Leif Ove Andsnes and the Mahler Chamber Orchestra at Cadogan Hall in London. Photo: Holger Talinski

“I grew up in a musical environment in Karmøy in the 1970s,” Andsnes recalled in a 2001 interview with NRK, “with a mix of everything from my own brass band to Arnold Schönberg’s music. I listened to Carl Nielsen long before Grieg. I remember my first real crush on the piano – it was Chopin. I have a clear picture of late nights on Christmas break when I was 12. I sheet-played nocturnes and mazurkas, intimate confessions between the composer and the performer – a whole new world for me”.

By the time he reached his final year of secondary school, Andsnes was commuting to Bergen every other weekend to study under the Czech piano maestro Jiri Hlinka. Impressed by the 16-year-old’s talent, Hlinka convinced the boy’s parents to send him to the Bergen’s Greig Academy, where he was swiftly recognised as an extraordinary musician, making his debut performance in 1987. By 1988, he’d taken home second prize at Eurovision Young Musicians in Amsterdam and become the youngest soloist to perform Greig’s A-minor concerto at the Bergen International Festival. A US debut in Washington in 1989 was soon followed by concerts in Washington DC, a Canadian tour, an appearance at the Music Festival in Lanaudière and his first booking at the Edinburgh International Festival.

From there, he went stratospheric, performing with the Cleveland Symphony Orchestra and Neeme Järvi in North America, delivering a critical-smash of a Chopin evening at Bergen International Festival, and playing with Los Angeles Philharmonic, the Berliner Philharmonic and for the Proms at the Royal Albert Hall – all in the space of a year. After touring Europe and the US, and conquering Japan in 1992, Andsnes was appointed artistic director of Risør Festival of Chamber Music – a position he held until 2011 – and became founding director of Rosendal Chamber Music Festival soon after.

Over the four decades of his career, Andsnes’s talent has been honoured with numerous awards, including the Royal Philharmonic Society’s Instrumentalist Award, the Gilmore Artist Award, the Norwegian Music Critics Award, the Grieg Award, the Peer Gynt Award, the Lindeman Award and eleven Spellemannpriser – Norway’s answer to the Grammys.
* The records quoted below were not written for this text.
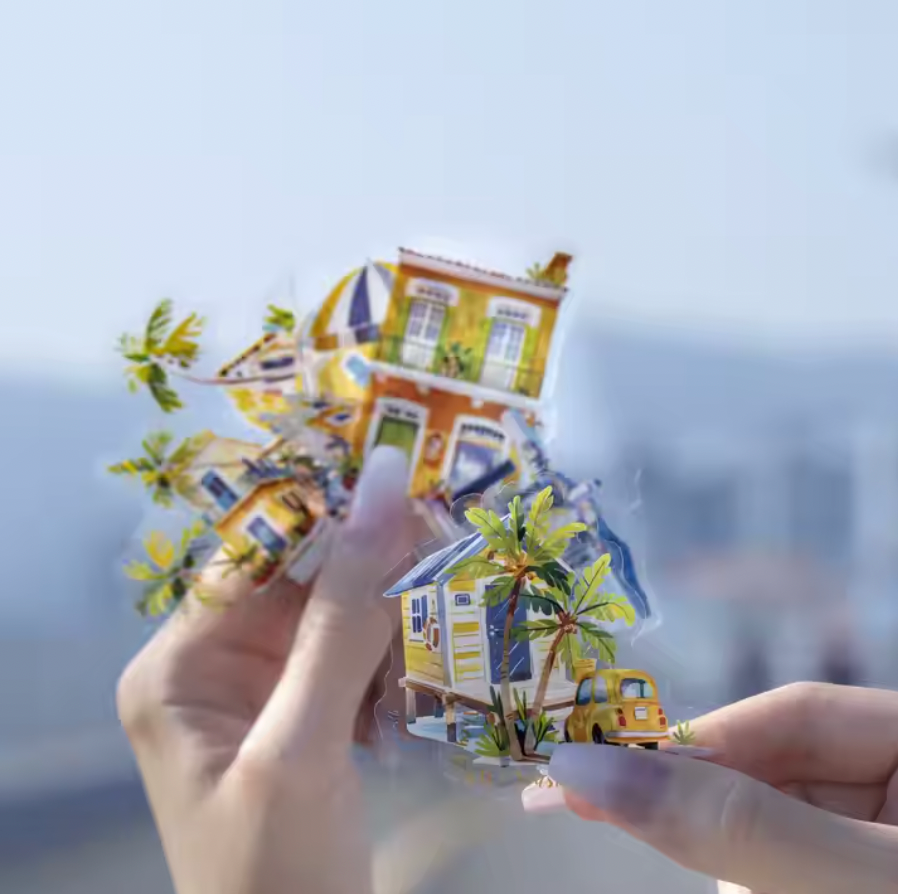 15 Stickers Escape from the city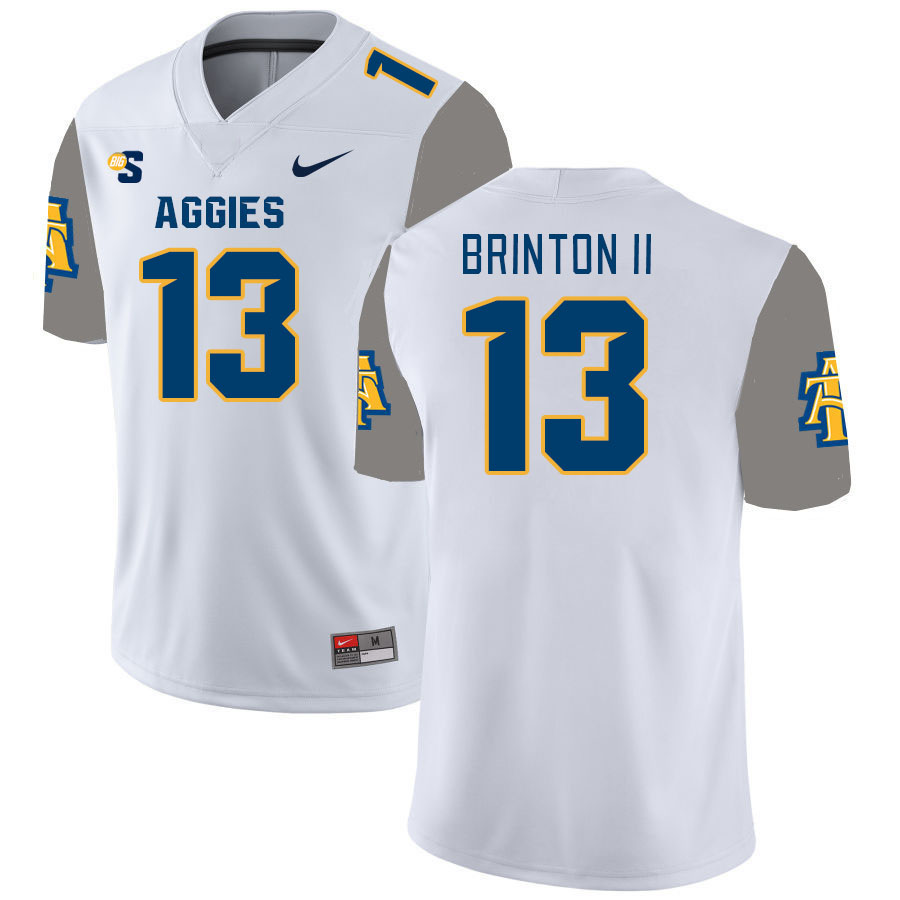 Men-Youth #13 Derrick Brinton II North Carolina A&T Aggies 2023 College Football Jerseys Stitched-Wh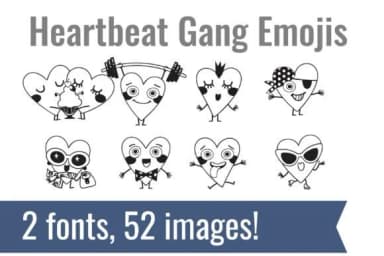 Heartbeat Gang by Illustration Ink — Dingbats Font — thumbnail 2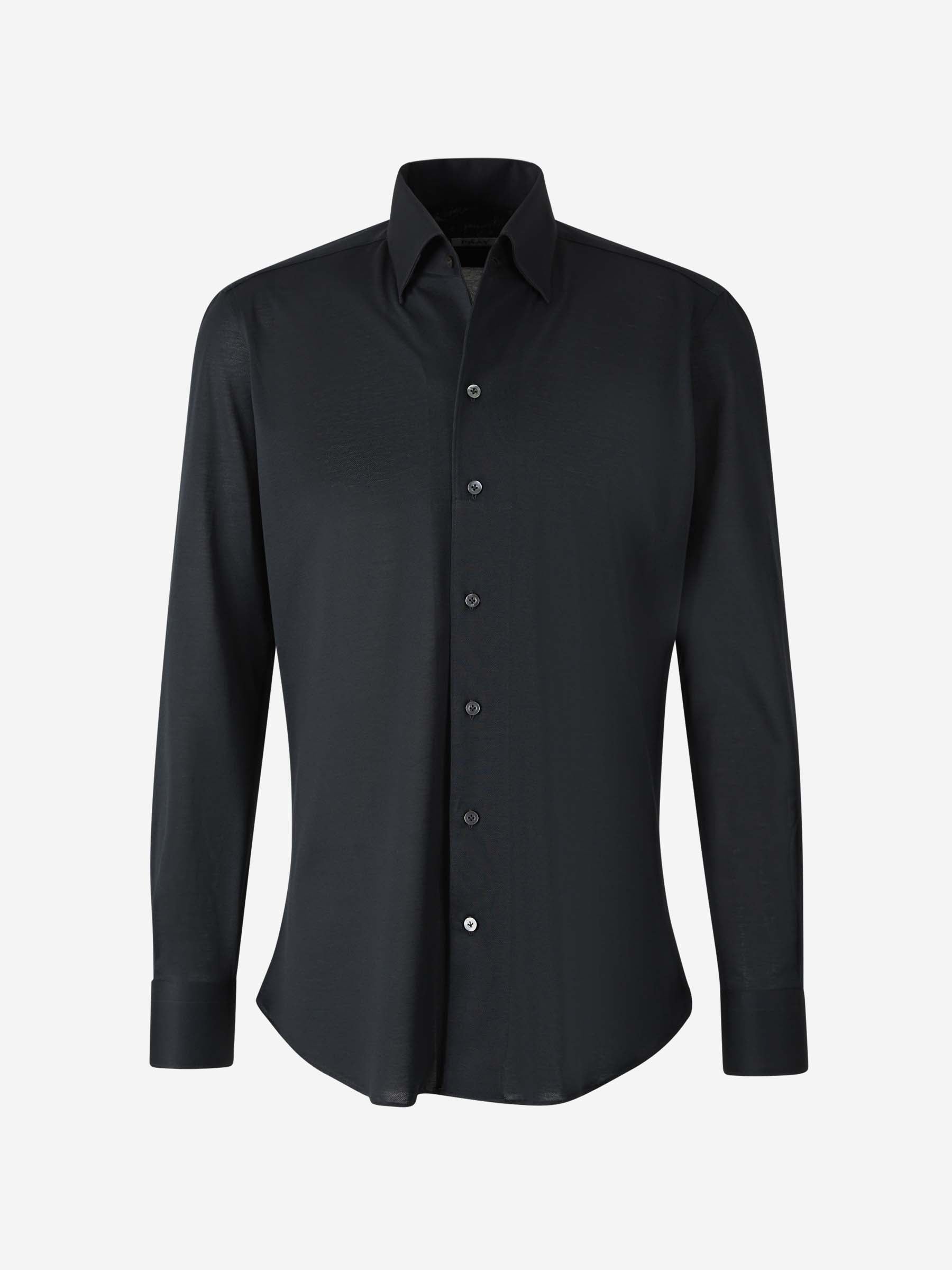 Outlet online Fray Hombre Camisa Lisa Algodón color Azul Noche sku 531-006416 01 - Foto 1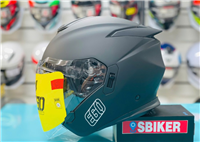 NÓN 3/4 EGO E42 ĐEN NHÁM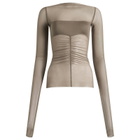 Rick Owens Women's Temple Top with Bandeau in Dust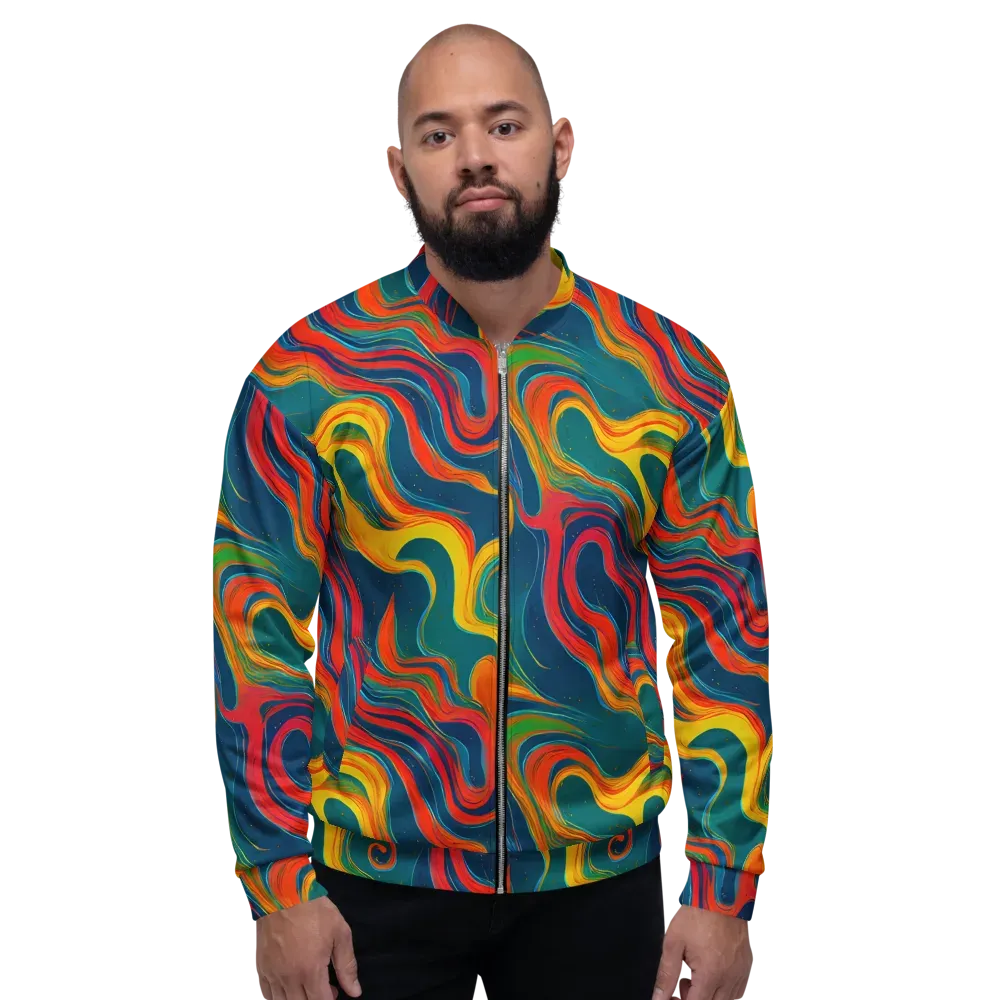 Molten Ribbons on Bomber Jacket — Front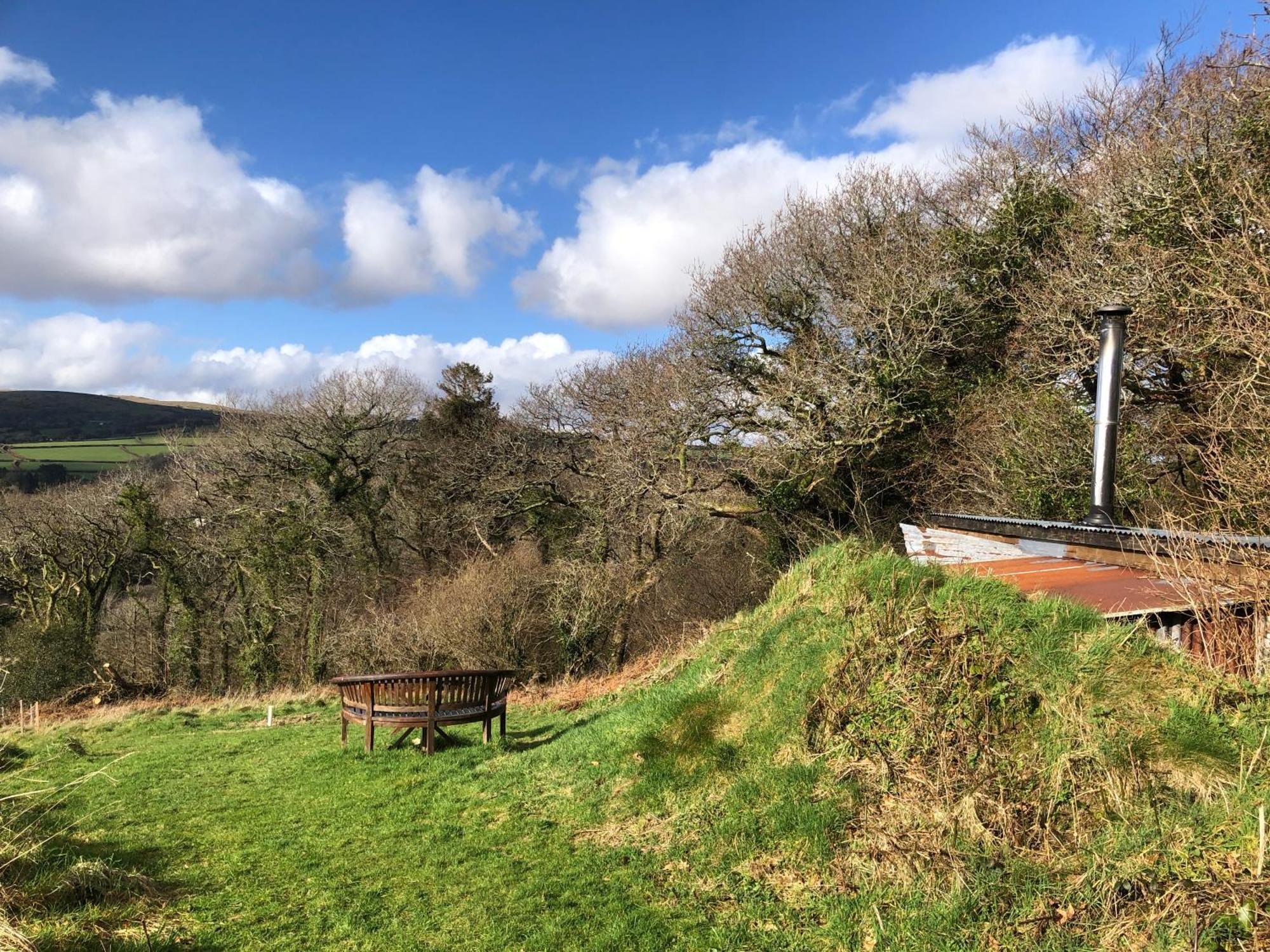 Foxesden, Unique Eco Cabin, Dartmoor Views South Brent Exterior foto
He has been named a commander of the Royal Norwegian Order of St. Olav, been inducted into the Gramophone hall of fame, and granted an honorary doctorate from New York’s Juilliard School. Named one of the ‘Best of the Best’ by Vanity Fair and ‘one of the most gifted musicians of his generation’ by The Wall Street Journal, Andsnes has the kind of pedigree that most musicians would envy.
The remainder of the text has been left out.